I decided to take time to decompress in California before settling down for a 3-year PhD program overseas. So here I am, decompressing. But I wonder what I had in mind when I decided to carve out a transition time between one phase of life and the next. What did I anticipate? How did I think it would serve me?
I ask these things because I feel like I am living in a bit of a void here in California–not fully able to connect with my surroundings. I am one step removed from a desired integration process, as though I’m hovering just outside a new reality. Is it exhaustion? Jet-lag? Overwhelm? Am I experiencing heartbreak as the surge of separation from those I love in Vermont intensifies? Or am I in a state of no-thought meditation, preparing myself in stillness for what is to come?
I really don’t know. I don’t seem to have my normal mental acuity right now. I’m just kind of floating.
But I can tell you that the sun is shining and the air is dry. I can tell you that my openness is met with other people’s openness and there is an ease to each day. People are smiling.
I can see the canyons clearly and the moon is full. I smell jasmine on my morning walks with Beesly. Tiny geckos scurry along the trail. Giant aloe plants mark our path. The days are slow. I am on the exterior of one life and not yet inside another–an outsider to two worlds now, floating in Southern California. I see a surf shop, a skateboard park, a juice bar.
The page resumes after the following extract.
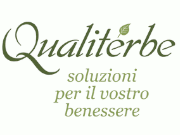 Qualiterbe logo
Tomorrow I will go to my favorite town in these parts. I will walk my dog on the beach and try to surrender to decompression in a way I couldn’t anticipate. After all, “decompress” is not something you can check off on your list of things to do. It’s more alchemical than that. It’s something I have to allow to happen in its own way.
Movement is happening, things have been set in motion. I loosened the knots until they fell away and allowed me to go. But it took every ounce of strength I had. So tomorrow I will eat a ripe mango, breathe the warm air and stand with my feet in the Pacific Ocean.